### [Supplied records]
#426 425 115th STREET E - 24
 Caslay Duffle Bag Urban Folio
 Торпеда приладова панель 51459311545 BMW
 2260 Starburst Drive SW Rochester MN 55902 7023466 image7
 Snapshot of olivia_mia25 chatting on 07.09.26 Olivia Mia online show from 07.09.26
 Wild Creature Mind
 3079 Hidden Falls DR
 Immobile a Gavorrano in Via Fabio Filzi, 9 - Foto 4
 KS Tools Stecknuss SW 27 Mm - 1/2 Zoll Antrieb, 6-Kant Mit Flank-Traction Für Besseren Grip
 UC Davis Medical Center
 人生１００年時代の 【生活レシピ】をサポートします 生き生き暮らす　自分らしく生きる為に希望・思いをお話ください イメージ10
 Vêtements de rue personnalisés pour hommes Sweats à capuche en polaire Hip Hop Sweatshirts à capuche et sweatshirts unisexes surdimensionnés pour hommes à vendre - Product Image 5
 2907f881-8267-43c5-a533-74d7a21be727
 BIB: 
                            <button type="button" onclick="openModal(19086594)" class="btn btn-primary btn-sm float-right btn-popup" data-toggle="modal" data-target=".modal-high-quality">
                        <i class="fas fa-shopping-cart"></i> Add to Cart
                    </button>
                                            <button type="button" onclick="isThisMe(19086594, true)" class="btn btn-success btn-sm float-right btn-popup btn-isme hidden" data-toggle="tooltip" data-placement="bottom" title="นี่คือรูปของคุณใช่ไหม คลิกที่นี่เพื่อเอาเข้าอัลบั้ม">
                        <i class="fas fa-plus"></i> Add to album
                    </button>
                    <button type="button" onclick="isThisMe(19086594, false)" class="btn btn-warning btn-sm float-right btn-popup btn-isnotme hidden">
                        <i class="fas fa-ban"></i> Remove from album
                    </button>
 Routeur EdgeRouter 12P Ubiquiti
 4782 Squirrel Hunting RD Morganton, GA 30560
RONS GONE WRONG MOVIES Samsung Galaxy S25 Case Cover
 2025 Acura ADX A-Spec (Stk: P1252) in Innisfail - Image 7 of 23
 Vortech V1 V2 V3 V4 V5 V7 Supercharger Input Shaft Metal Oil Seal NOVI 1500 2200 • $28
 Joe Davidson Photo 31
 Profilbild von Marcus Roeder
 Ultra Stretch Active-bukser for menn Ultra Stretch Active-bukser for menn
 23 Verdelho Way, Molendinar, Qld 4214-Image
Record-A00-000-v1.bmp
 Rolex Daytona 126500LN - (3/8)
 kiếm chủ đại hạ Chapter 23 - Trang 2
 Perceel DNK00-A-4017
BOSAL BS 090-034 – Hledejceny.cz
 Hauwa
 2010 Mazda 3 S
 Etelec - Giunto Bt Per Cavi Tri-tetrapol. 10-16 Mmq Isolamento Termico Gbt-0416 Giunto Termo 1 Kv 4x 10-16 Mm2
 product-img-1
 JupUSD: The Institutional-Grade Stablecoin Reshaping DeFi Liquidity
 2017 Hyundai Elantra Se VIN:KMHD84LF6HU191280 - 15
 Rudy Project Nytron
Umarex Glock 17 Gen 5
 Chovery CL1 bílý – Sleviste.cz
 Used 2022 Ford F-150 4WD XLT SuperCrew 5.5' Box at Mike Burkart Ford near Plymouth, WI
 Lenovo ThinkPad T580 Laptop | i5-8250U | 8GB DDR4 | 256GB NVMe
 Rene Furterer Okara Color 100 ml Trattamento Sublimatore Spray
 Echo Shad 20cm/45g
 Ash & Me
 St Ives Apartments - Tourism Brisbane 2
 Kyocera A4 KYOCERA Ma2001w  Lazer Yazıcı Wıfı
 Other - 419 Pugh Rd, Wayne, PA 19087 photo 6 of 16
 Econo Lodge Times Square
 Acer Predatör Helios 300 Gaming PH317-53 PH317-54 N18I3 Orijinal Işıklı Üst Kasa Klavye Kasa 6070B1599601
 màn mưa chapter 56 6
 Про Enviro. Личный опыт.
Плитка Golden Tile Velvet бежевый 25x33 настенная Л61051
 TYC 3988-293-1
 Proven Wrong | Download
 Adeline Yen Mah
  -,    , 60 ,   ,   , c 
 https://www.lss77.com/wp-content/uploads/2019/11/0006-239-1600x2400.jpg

### [Exercise brief]
Show every line of the listing in which the string "from" can be found.

### [Output for this exercise]
 Snapshot of olivia_mia25 chatting on 07.09.26 Olivia Mia online show from 07.09.26
                        <i class="fas fa-ban"></i> Remove from album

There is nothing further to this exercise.